**Your objective:** Can you reproduce the data beneath, keeping every line exact?

**Source data:**
*** Block opens ***

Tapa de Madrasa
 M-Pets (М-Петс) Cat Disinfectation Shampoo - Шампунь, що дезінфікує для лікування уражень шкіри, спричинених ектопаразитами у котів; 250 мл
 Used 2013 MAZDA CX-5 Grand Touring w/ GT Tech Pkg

*** Block closes ***

**Solved exercise:**
Tapa de Madrasa
 M-Pets (М-Петс) Cat Disinfectation Shampoo - Шампунь, що дезінфікує для лікування уражень шкіри, спричинених ектопаразитами у котів; 250 мл
 Used 2013 MAZDA CX-5 Grand Touring w/ GT Tech Pkg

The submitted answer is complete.